The wave of anime and manga coming from Japan to America (now a set of phenomena decades old) has brought with it a concomitant interest in and market for other aspects of Japanese pop culture. Iron Chef. Gas station sushi. The light novel.


What are light novels? Light novels are books written to be read simply for the sake of enjoyment. While many of the people publishing light novels in this country also publish manga, the light novel is a primarily written medium rather than a comic. They are often illustrated with manga-style illustrations, but they are written stories not comics—though the most popular quickly find themselves adapted into manga and anime. Though the individual volumes may shorter than “serious” novels, they are often serial stories running to a dozen or more volumes. They have the same targeted focus that manga do: “boys,” “girls,” “young men,” etc. Yet there is the same sort of cross-over readership.



In other words, “light novels” are the modern Japanese equivalent of traditional “pulp fiction.”



So far as I understand it, then, literature in Japan exists in two streams. The “serious” (or “literary,” “socially relevant,” “heavy,” “fill-in-your-adjective-here”) novel and the light novel. You can read your Kawabata and Murakami, and you can read your Heroic Legend of Arslan and Vampire Hunter D. Each stream of literature has its own set of expectations, its own awards, and its own readership.

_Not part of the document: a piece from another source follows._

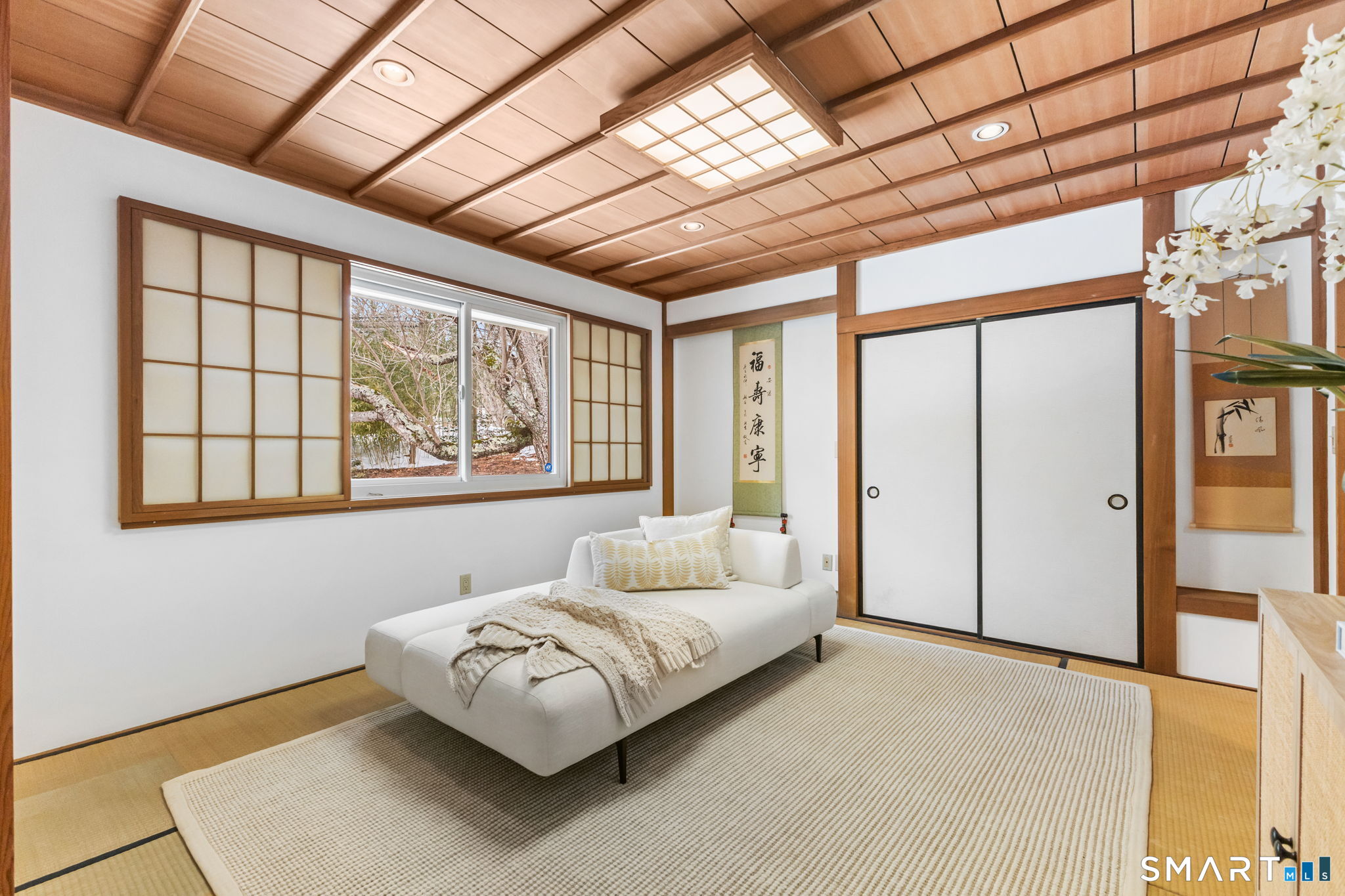 37 Quarry Road Stamford, CT 06903 - Photo 22 of 41 a bedroom with a large bed and a large window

Should American speculative fiction be heading in a similar direction? I think it’s perfectly fine for science fiction novels to strive for “social relevance,” but does every novel to be of that sort? Why can’t The Handmaid’s Tale exist alongside A Princess of Mars? To call both simply “science fiction” I think does a disservice to both works.



Perhaps a way to ensure that everyone can play in the speculative fiction sandbox is to make separate sandboxes. It seems to work for the Japanese. Is it helpful to start thinking that way in the American context?